The nurse is caring for a patient with a sickle cell crisis. While caring for the patient during the crisis, which of the following actions is priority?
- A. Limit the patient's intake of oral and IV fluids.
- B. Evaluate the effectiveness of opioid analgesics.
- C. Encourage the patient to ambulate as much as tolerated.
- D. Teach the patient about high-protein, high-calorie foods.
Correct Answer: B
Rationale: Pain is the most common clinical manifestation of a crisis and usually requires large doses of continuous opioids for control. Fluid intake should be increased to reduce blood viscosity and improve perfusion. Rest is usually ordered to decrease metabolic requirements. Patients are instructed about the need for dietary folic acid, but high-protein, high-calorie diets are not emphasized.
The nurse is caring for a patient with acute myelogenous leukemia (AML) who has induction therapy prescribed and the patient asks the nurse whether the planned chemotherapy will be worth undergoing. Which of the following responses by the nurse is best?
- A. If you do not want to have chemotherapy, there are other options for treatment such as stem cell transplantation.
- B. The decision about chemotherapy is one that you and the doctor need to make rather than asking what I would do.
- C. You don't need to make a decision about treatment right now since leukemias in adults tend to progress quite slowly.
- D. The adverse effects of the chemotherapy are difficult, but AML frequently does go into remission with chemotherapy.
Correct Answer: D
Rationale: This response uses therapeutic communication by addressing the patient's question and giving accurate information. The other responses either give inaccurate information or fail to address the patient's question, which will discourage the patient from asking the nurse for information.
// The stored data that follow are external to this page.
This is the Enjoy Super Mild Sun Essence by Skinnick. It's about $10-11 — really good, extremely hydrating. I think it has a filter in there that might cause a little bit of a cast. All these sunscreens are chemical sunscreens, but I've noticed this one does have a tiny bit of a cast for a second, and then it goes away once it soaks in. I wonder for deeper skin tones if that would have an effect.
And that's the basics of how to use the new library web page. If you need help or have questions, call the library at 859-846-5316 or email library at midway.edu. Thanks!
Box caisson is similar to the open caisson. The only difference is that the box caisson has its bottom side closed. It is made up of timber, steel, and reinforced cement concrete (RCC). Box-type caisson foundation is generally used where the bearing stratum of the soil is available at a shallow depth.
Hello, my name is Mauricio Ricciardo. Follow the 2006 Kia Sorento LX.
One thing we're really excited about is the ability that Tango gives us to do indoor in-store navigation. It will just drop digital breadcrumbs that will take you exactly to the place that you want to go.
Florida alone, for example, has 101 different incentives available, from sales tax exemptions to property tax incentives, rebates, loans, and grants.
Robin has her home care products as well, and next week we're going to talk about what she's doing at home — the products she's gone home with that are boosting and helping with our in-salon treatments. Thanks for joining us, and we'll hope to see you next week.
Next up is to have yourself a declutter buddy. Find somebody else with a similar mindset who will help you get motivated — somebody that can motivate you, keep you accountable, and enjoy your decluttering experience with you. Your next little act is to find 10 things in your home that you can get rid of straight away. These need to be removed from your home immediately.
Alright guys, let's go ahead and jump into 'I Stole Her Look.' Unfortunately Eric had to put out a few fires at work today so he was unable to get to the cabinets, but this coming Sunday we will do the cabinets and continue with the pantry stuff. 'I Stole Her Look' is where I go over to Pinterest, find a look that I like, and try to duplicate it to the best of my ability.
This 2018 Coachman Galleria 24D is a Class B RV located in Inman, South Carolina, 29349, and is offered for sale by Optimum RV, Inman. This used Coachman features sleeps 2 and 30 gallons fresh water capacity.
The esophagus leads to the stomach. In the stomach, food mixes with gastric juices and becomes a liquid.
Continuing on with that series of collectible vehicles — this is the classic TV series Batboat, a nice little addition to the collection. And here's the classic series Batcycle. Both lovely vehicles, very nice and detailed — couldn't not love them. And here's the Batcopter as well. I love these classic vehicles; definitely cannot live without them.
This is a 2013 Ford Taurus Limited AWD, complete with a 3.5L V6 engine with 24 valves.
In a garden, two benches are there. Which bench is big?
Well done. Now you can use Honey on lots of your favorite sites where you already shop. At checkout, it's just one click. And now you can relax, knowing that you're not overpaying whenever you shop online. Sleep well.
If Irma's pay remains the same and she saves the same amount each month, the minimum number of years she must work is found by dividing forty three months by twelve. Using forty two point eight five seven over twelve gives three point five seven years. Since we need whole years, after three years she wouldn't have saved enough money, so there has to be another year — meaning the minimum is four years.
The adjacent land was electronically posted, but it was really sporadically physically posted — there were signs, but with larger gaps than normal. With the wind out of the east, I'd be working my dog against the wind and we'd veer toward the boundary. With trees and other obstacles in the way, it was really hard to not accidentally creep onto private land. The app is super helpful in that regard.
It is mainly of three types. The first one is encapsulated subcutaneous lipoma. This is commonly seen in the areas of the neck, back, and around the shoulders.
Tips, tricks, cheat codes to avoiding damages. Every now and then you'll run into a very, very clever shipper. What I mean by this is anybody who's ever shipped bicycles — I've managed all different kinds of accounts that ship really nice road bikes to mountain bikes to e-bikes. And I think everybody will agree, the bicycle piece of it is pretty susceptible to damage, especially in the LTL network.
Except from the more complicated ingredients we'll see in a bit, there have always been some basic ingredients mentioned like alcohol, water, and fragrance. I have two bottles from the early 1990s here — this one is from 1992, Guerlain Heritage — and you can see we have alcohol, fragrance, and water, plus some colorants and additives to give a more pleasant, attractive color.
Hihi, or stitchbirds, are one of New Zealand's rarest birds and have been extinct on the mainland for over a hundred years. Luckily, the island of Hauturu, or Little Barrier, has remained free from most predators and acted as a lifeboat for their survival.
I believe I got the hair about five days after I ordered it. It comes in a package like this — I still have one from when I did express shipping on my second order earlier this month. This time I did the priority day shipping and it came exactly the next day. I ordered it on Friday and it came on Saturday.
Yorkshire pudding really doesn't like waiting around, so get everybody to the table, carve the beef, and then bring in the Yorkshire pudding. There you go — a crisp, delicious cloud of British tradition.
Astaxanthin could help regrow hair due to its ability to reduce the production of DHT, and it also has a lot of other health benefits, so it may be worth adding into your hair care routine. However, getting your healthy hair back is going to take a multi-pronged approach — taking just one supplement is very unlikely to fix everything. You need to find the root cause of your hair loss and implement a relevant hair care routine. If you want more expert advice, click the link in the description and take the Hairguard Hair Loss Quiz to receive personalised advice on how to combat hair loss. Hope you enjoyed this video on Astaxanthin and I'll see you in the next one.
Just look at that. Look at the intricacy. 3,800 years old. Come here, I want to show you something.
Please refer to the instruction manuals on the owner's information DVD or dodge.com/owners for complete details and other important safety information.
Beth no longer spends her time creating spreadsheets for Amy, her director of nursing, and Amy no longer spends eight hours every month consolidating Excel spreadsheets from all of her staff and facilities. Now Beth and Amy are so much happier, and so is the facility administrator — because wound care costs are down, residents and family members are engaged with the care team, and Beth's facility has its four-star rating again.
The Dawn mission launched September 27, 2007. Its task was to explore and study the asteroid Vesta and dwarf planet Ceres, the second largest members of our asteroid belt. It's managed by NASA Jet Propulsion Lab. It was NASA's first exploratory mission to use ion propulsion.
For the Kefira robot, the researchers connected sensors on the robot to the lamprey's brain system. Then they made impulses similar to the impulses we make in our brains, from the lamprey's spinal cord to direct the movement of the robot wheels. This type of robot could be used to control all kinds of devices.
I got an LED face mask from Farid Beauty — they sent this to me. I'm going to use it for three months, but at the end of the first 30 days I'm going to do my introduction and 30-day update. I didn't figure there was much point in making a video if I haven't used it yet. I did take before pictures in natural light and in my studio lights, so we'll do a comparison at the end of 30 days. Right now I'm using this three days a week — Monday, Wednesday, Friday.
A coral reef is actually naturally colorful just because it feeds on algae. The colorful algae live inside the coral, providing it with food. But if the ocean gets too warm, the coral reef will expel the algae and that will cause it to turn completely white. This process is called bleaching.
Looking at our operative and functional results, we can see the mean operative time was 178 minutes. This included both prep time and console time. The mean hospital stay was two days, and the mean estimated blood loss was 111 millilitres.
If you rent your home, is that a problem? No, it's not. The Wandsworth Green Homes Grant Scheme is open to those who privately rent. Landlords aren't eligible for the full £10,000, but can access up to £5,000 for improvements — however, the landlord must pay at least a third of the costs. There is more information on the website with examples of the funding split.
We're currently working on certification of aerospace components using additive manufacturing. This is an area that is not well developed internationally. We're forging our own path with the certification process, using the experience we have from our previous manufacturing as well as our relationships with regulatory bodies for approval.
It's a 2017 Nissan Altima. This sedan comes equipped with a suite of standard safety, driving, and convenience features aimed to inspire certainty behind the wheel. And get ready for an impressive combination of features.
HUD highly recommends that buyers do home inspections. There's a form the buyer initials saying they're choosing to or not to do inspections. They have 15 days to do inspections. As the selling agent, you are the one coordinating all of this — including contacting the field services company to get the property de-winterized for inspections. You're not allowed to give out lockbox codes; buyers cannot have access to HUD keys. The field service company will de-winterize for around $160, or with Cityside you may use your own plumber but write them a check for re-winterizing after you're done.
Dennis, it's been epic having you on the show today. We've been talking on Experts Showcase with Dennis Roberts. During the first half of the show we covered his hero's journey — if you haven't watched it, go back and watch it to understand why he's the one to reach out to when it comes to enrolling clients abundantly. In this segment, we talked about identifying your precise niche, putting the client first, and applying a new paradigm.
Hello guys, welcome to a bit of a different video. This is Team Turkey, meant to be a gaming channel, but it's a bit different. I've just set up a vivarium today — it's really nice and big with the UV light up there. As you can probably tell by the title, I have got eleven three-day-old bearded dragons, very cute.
The nurse is caring for a patient receiving a transfusion of packed red blood cells who develops chills, fever, headache, and anxiety 30 minutes after the transfusion is started. After stopping the transfusion, which of the following actions is priority?
- A. Draw blood for a new crossmatch.
- B. Send a urine specimen to the laboratory.
- C. Give the PRN diphenhydramine.
- D. Administer the PRN acetaminophen.
Correct Answer: D
Rationale: The patient's clinical manifestations are consistent with a febrile, nonhemolytic transfusion reaction. The transfusion should be stopped and antipyretics administered for the fever as ordered. A urine specimen is needed if an acute hemolytic reaction is suspected. Diphenhydramine is used for allergic reactions. This type of reaction does not indicate incorrect crossmatching.
The nurse is caring for a patient who has been receiving a heparin infusion and warfarin for a deep vein thrombosis (DVT) with a diagnosis of heparin-induced thrombocytopenia (HIT). Which of the following actions should the nurse include in the plan of care?
- A. Use low-molecular-weight heparin (LMWH) only.
- B. Flush all intermittent IV lines using normal saline.
- C. Administer platelet transfusions.
- D. Teach the patient that heparin cannot be used in the future.
Correct Answer: D
Rationale: All heparin is discontinued when HIT is diagnosed. The patient should be instructed to never receive heparin or LMWH. Warfarin is usually not given until the platelet count has returned to 150 x 10^9/L. The platelet count does not drop low enough in HIT for a platelet transfusion, and platelet transfusions increase the risk for thrombosis.